Hołownia: "To najgłupsza ustawa w historii tego Sejmu"

"Ustawa o komisji weryfikacyjnej, która - w zamierzeniu jej autorów - ma oczyścić polskie życie publiczne z rosyjskiej agentury - to najgłupsza ustawa w historii tego Sejmu, w ciągu ostatnich kilkunastu albo nawet kilkudziesięciu lat" - mówił na wtorkowym briefingu prasowym koła Polski 2050 jej lider Szymon Hołownia.

Zdaniem Hołowni projekt ustawy ta zaprzecza idei, która leżała u jej podstaw.
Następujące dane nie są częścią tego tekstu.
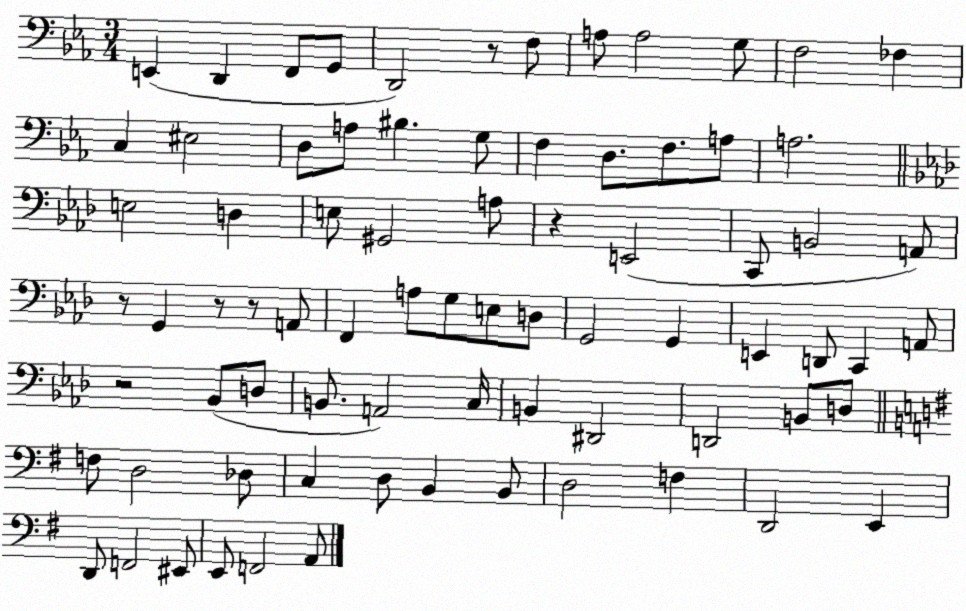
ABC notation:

X:1
T:Untitled
M:3/4
L:1/4
K:Eb
E,, D,, F,,/2 G,,/2 D,,2 z/2 F,/2 A,/2 A,2 G,/2 F,2 _F, C, ^E,2 D,/2 A,/2 ^B, G,/2 F, D,/2 F,/2 A,/2 A,2 E,2 D, E,/2 ^G,,2 A,/2 z E,,2 C,,/2 B,,2 A,,/2 z/2 G,, z/2 z/2 A,,/2 F,, A,/2 G,/2 E,/2 D,/2 G,,2 G,, E,, D,,/2 C,, A,,/2 z2 _B,,/2 D,/2 B,,/2 A,,2 C,/4 B,, ^D,,2 D,,2 B,,/2 D,/2 F,/2 D,2 _D,/2 C, D,/2 B,, B,,/2 D,2 F, D,,2 E,, D,,/2 F,,2 ^E,,/2 E,,/2 F,,2 A,,/2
Lider Polski 2050 podkreślał, że trzeba oczywiście oczyścić polskie życie publiczne z rosyjskich wpływów. "Nie ma prawa powtórzyć się więcej sytuacja z panem Tomaszem L., wciąganym do największych tajemnic państwowych przez pana Antoniego Macierewicza" - mówił. Dodał, że trzeba również wyjaśnić "aferę mailową" oraz "aferę taśmową", która "miała potencjał wysadzenia w powietrze całego systemu politycznego w Polsce".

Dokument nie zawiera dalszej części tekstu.